== Records for this exercise ==
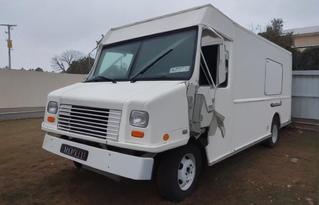 1988 Ford F59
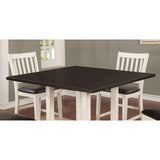  Furniture of America Raegan CM3197PT Counter Ht. Table IMAGE 1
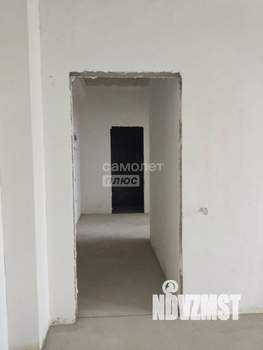 2-к квартира, вторичка, 55м2, 2/3 этаж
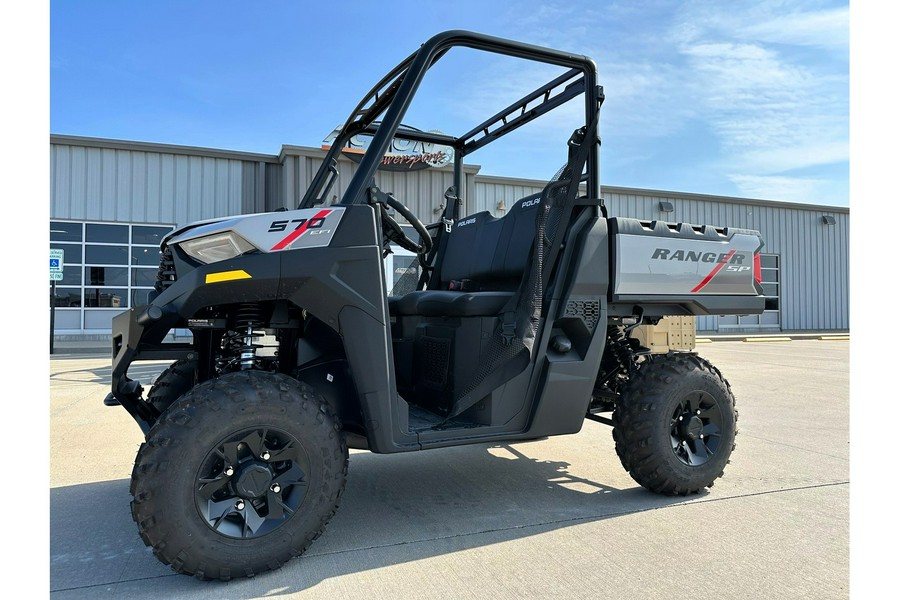 2024 Polaris Industries Ranger® SP 570 Premium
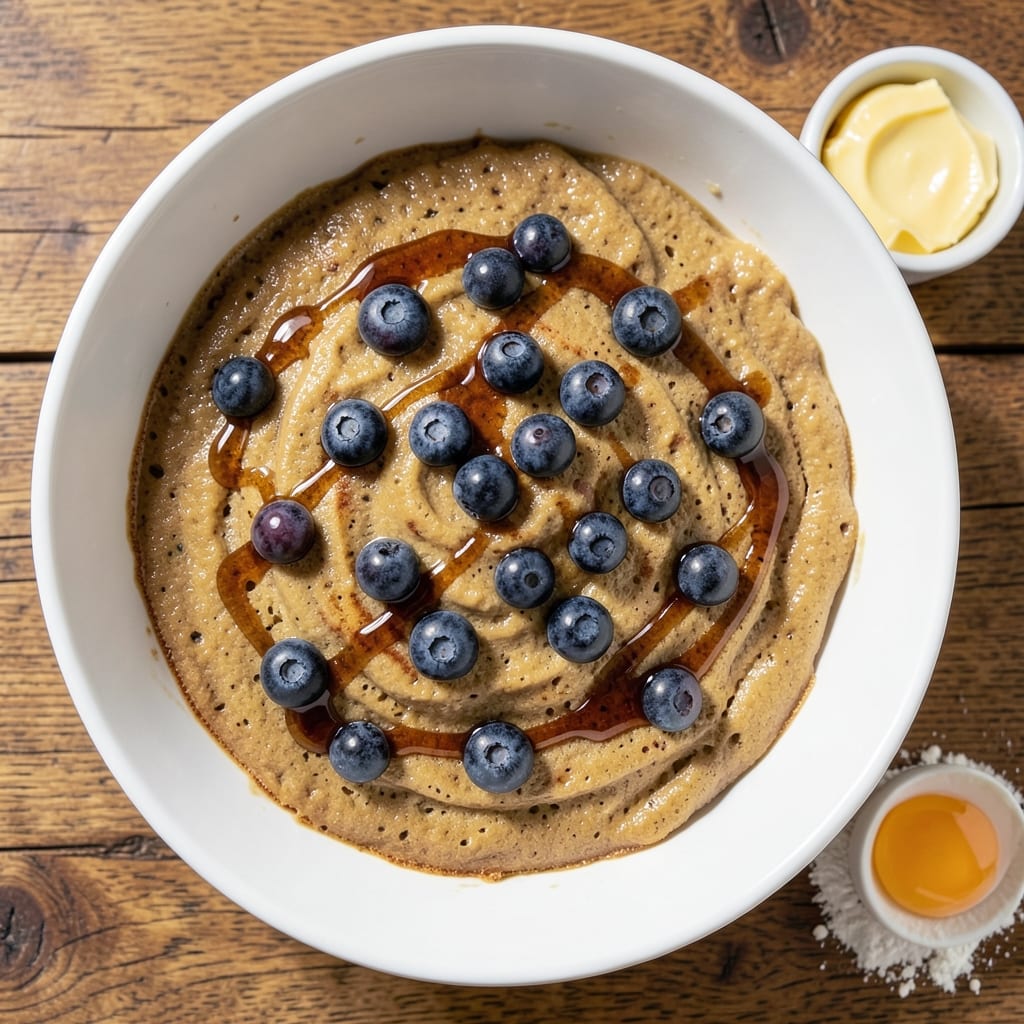 Aunt Jemima Complete Pancake Mix Recipe: Fluffy Stacks in 15 Minutes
===
What is needed
Go through the material above and print all of it exactly, except the pictures.

Solved exercise
 1988 Ford F59
  Furniture of America Raegan CM3197PT Counter Ht. Table IMAGE 1
 2-к квартира, вторичка, 55м2, 2/3 этаж
 2024 Polaris Industries Ranger® SP 570 Premium
 Aunt Jemima Complete Pancake Mix Recipe: Fluffy Stacks in 15 Minutes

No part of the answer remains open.